Musicians of the New World Symphony

A laboratory for the way music is taught, presented and experienced, the New World Symphony consists of 87 young musicians who are granted fellowships lasting up to three years. The fellowship program offers in-depth exposure to traditional and modern repertoire, professional development training and personalized experiences working with leading guest conductors, soloists and visiting faculty.
NWS Fellows take advantage of the innovative performance facilities and state-of-the art practice and ensemble rooms of the Frank Gehry-designed New World Center, the campus of the New World Symphony and home of the Knight New Media Center.
In the hopes of joining NWS, nearly 1,000 recent music school and conservatory graduates compete for available fellowships each year. The Fellows are selected for this highly competitive, prestigious opportunity based on their musical achievement and promise, as well as their passion for the future of classical music.
Musicians of The Cleveland Orchestra

The Cleveland Orchestra is today hailed as one of the very best orchestras on the planet, noted for its musical excellence and for its devotion and service to the community it calls home.

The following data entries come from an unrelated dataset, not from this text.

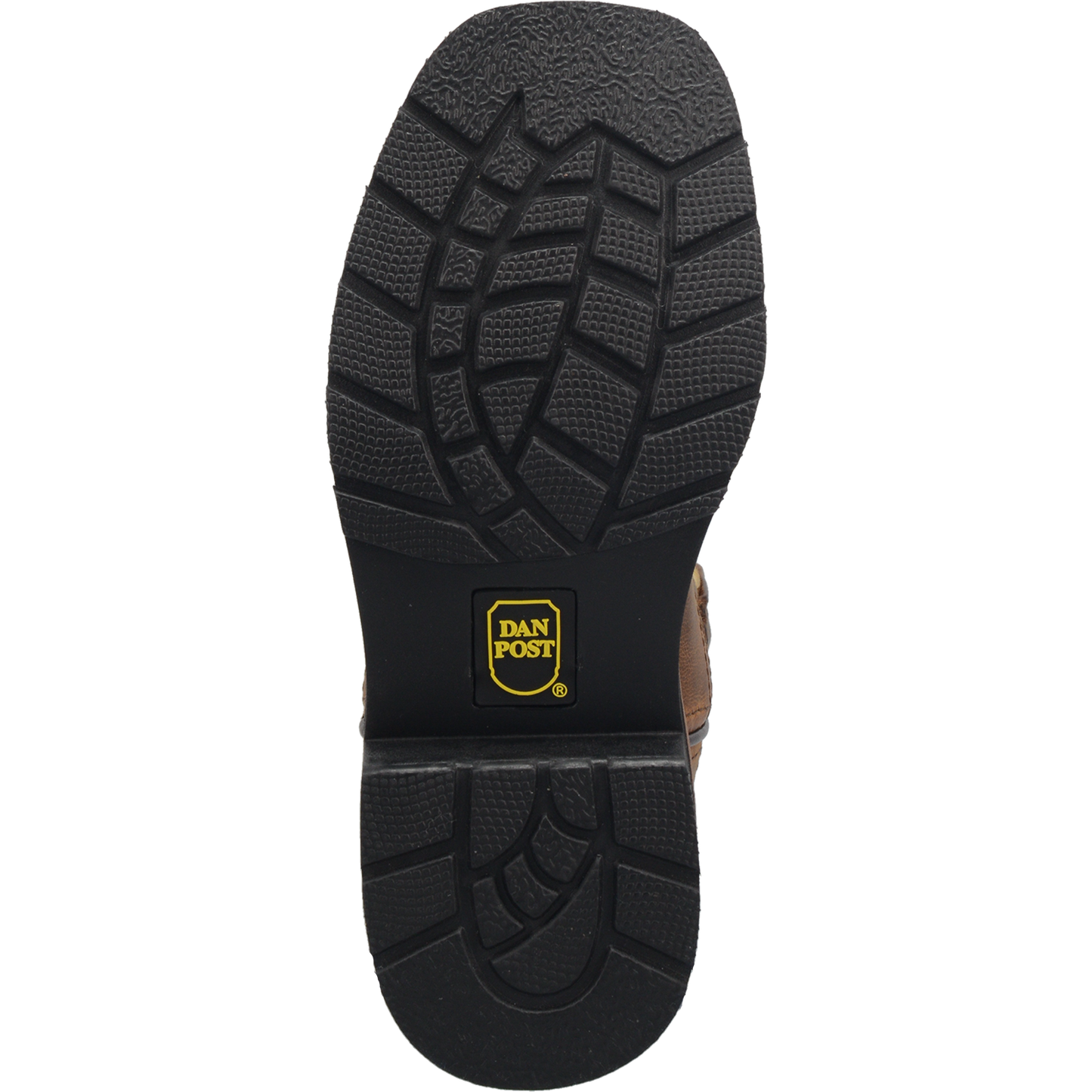 Dan Post Children's Amarillo Brown Leather Western Boot DPC2932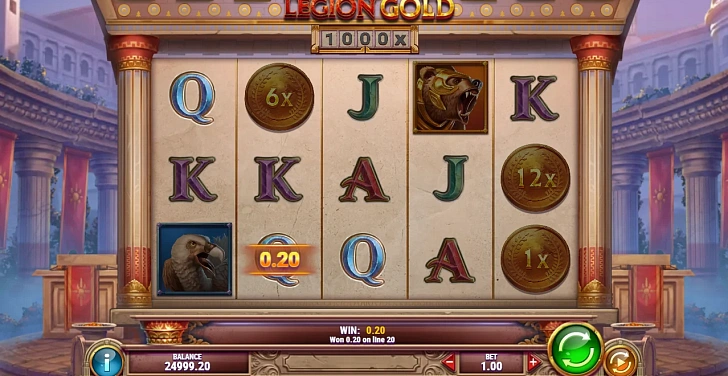 Bonus game: free spins, retriggers and bonus-round rules.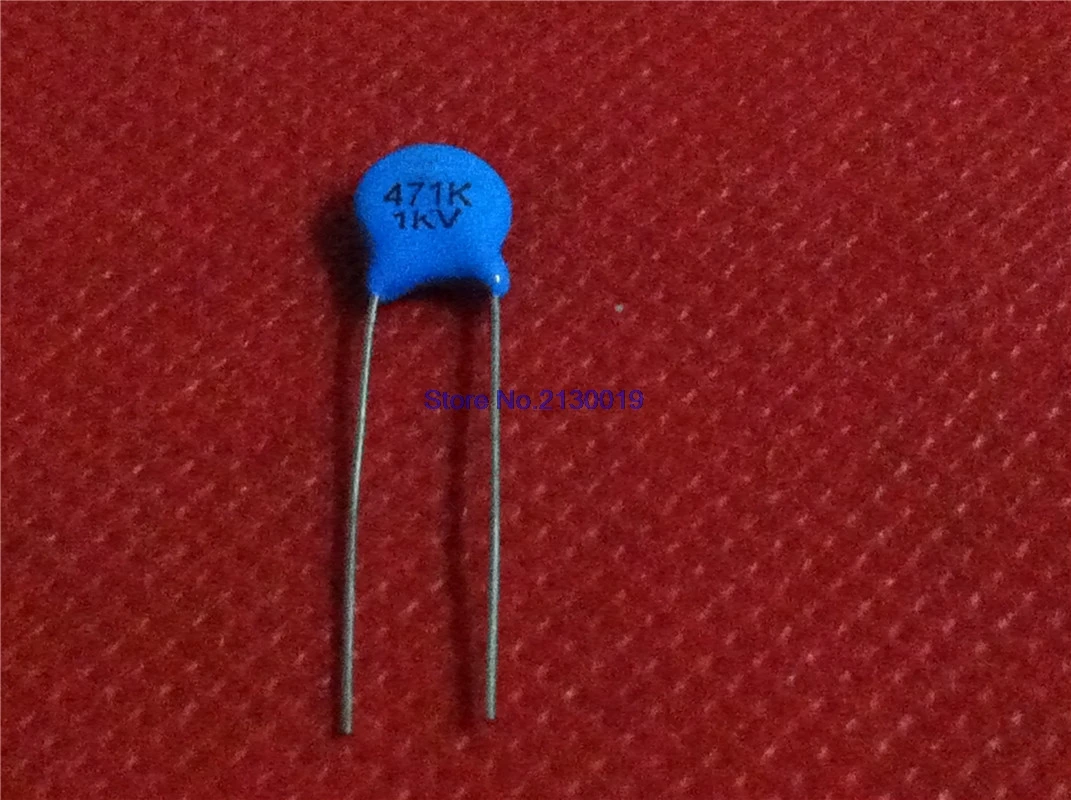 20 штук высокого напряжения Керамика Capacitor1KV 2KV 3KV 5PF 30PF 47PF 56PF 100PF 220PF 1NF 2.2NF 3.3NF 4.7NF 10NF 100NF 471 222 223 103
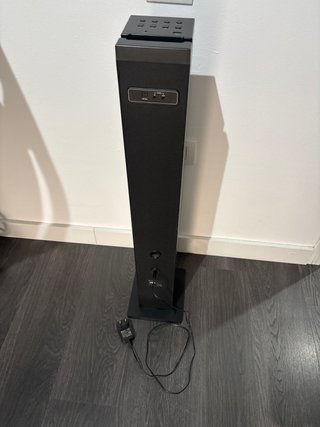Columna de Sonido NGS Negra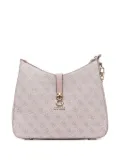 GUESS USA Zamira logo-printed shoulder bag - Pink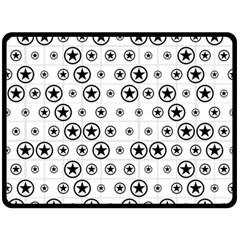 Army Stars Double Sided Fleece Blanket (large)  by linceazul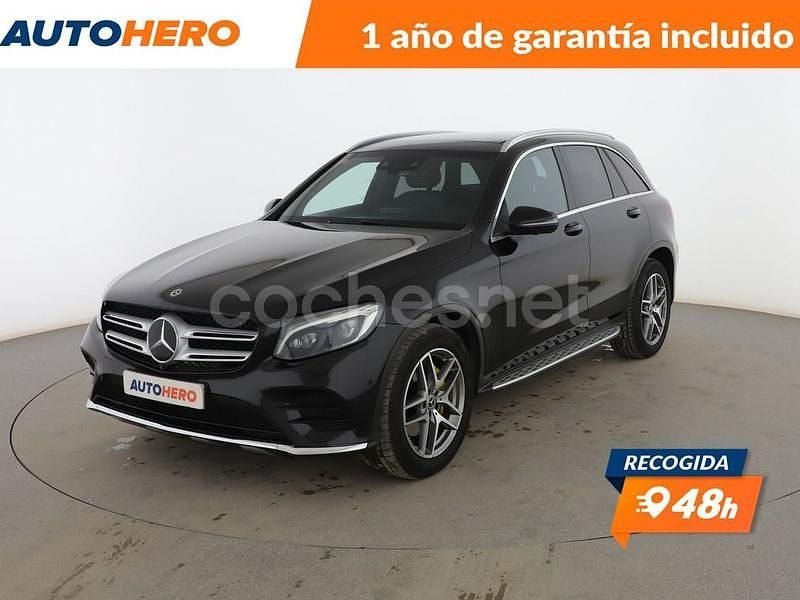 Negro Usado 2017 Mercedes GLC220 SUV | 28.699 € (Precio justo) - Imagen 1/3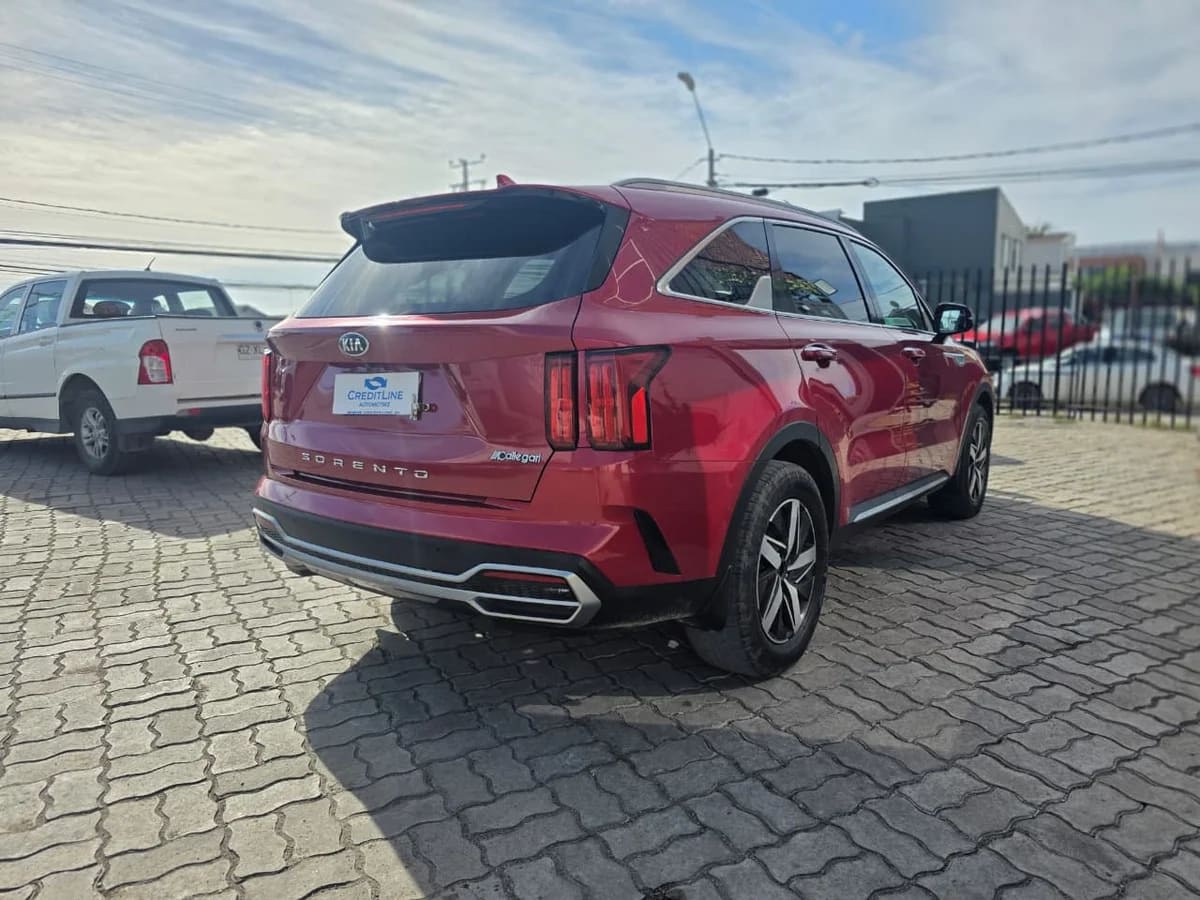 2021 KIA Sorento 2.5 Rojo - Miniatura 6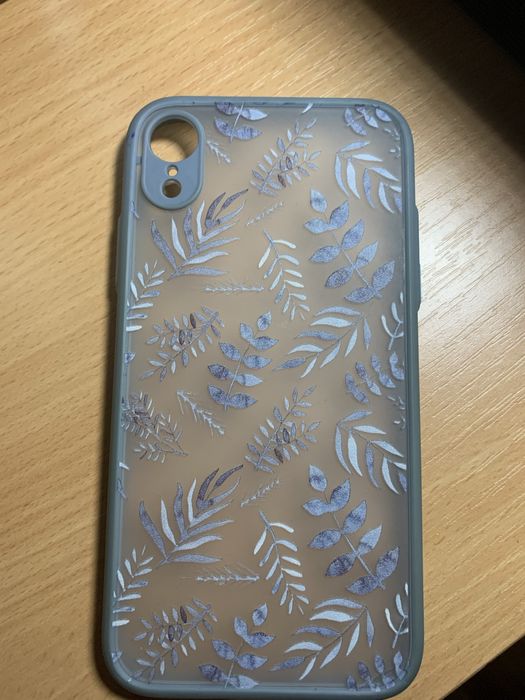 Чехол на айфон xr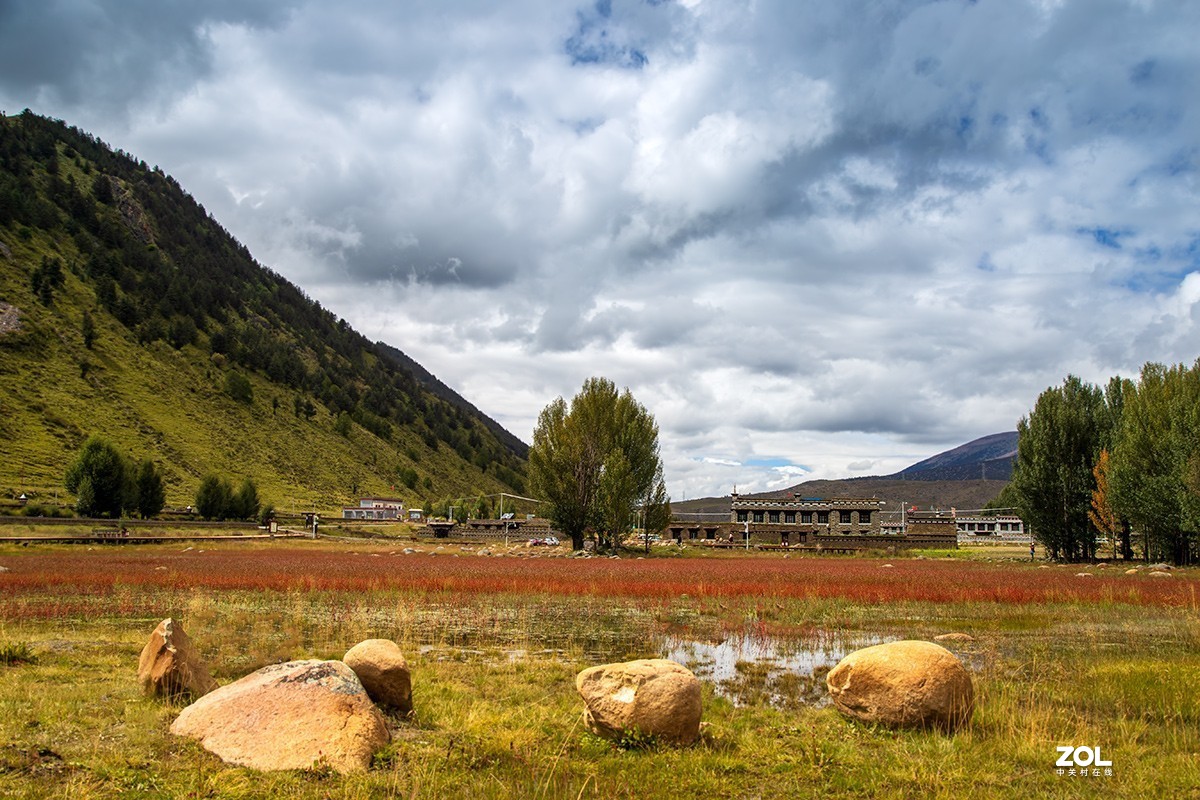 川西高原行游记第六集  稻城亚丁 —雅江县【水光山色仙境开】
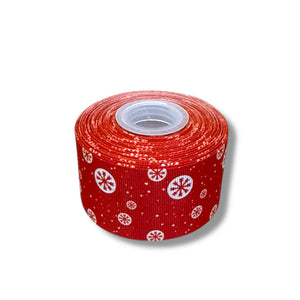 ROLLO x 10mt. CINTA NAVIDEÑA DE 3.8cm DE ANCHO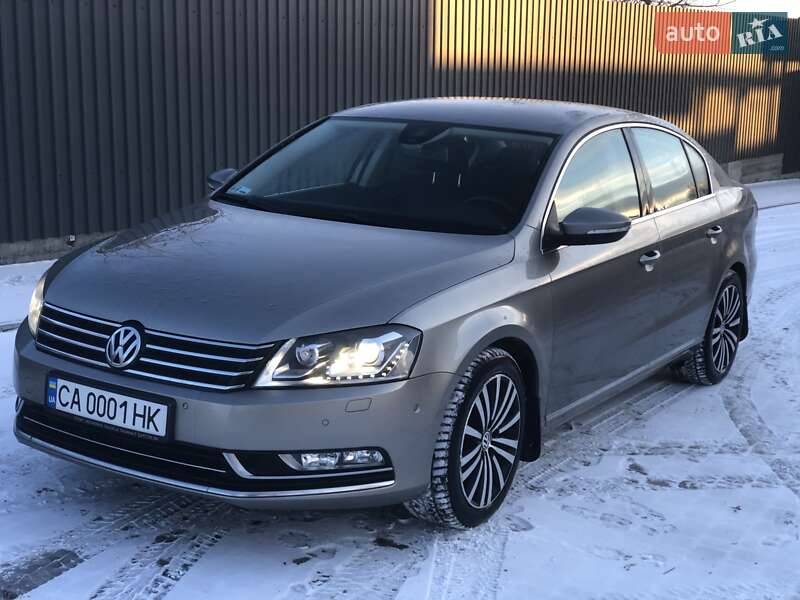 Седан Volkswagen Passat 2013 в Виннице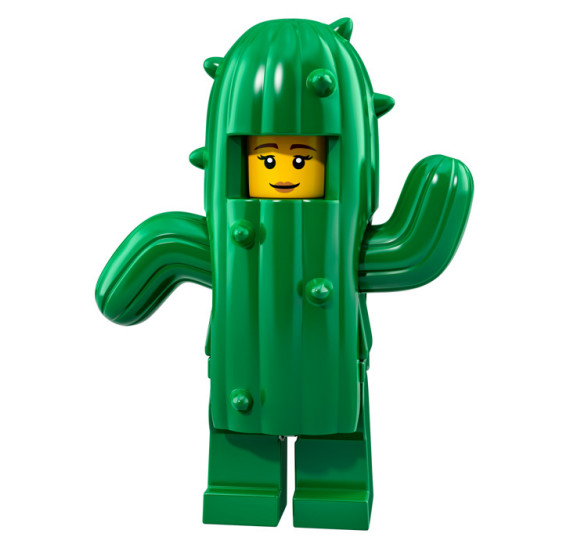 Lego 71021 Minifigurky 18. série - 11 - Kostým Kaktus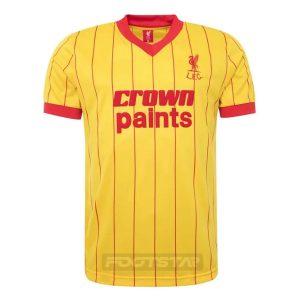 Maillot Liverpool Exterieur 1983 1984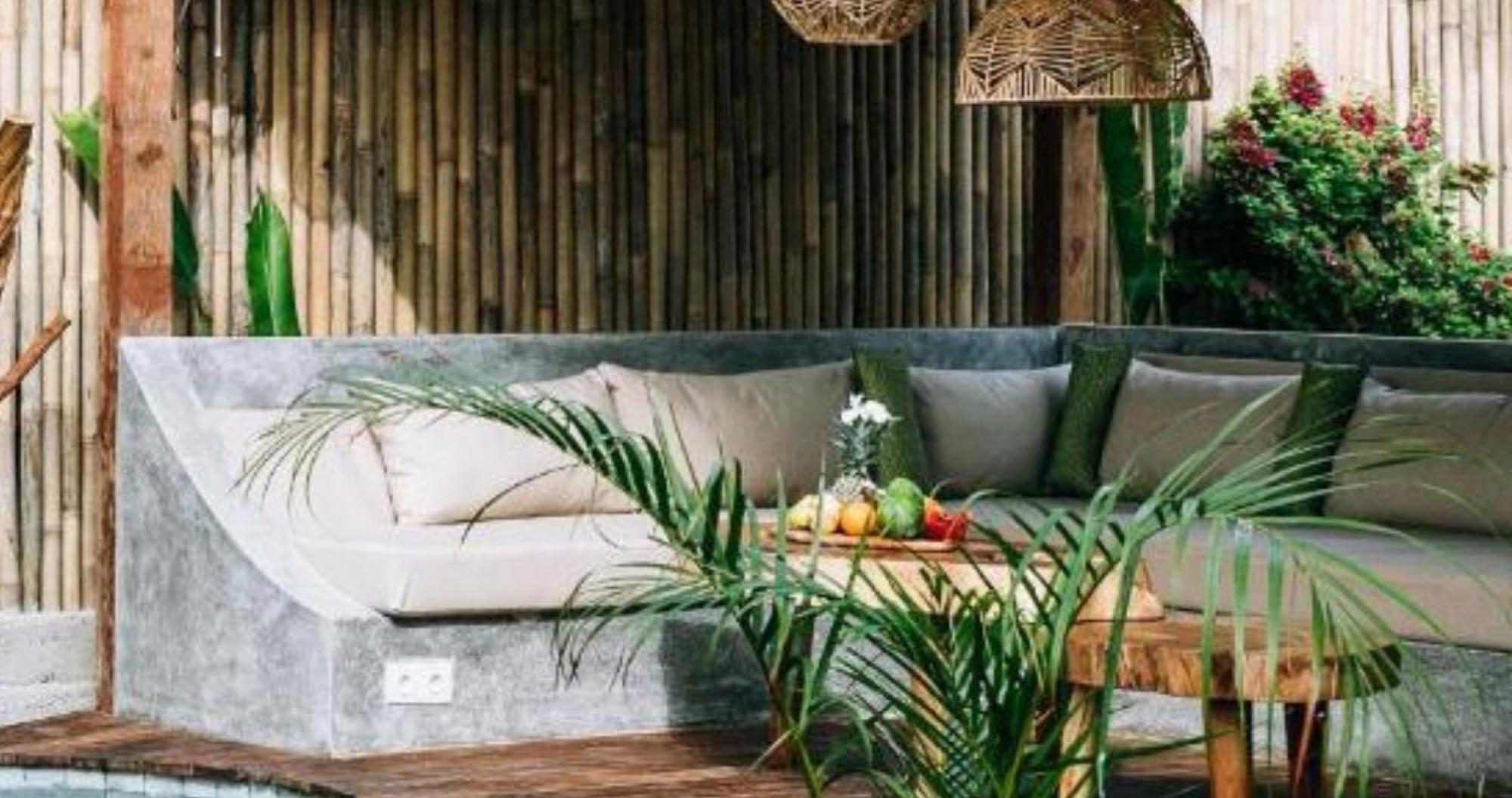 Majo Private Villas Gili Trawangan Esterno foto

The 100-plus members of The Cleveland Orchestra perform together year round, at the group’s home at Severance, its summer home at Blossom Music Center, on tours in the United States and around the world, and at residencies such as Miami and Vienna. They make their homes in communities across the Cleveland metropolitan area, raising children and pursuing a range of hobbies and interests beyond their musical professions.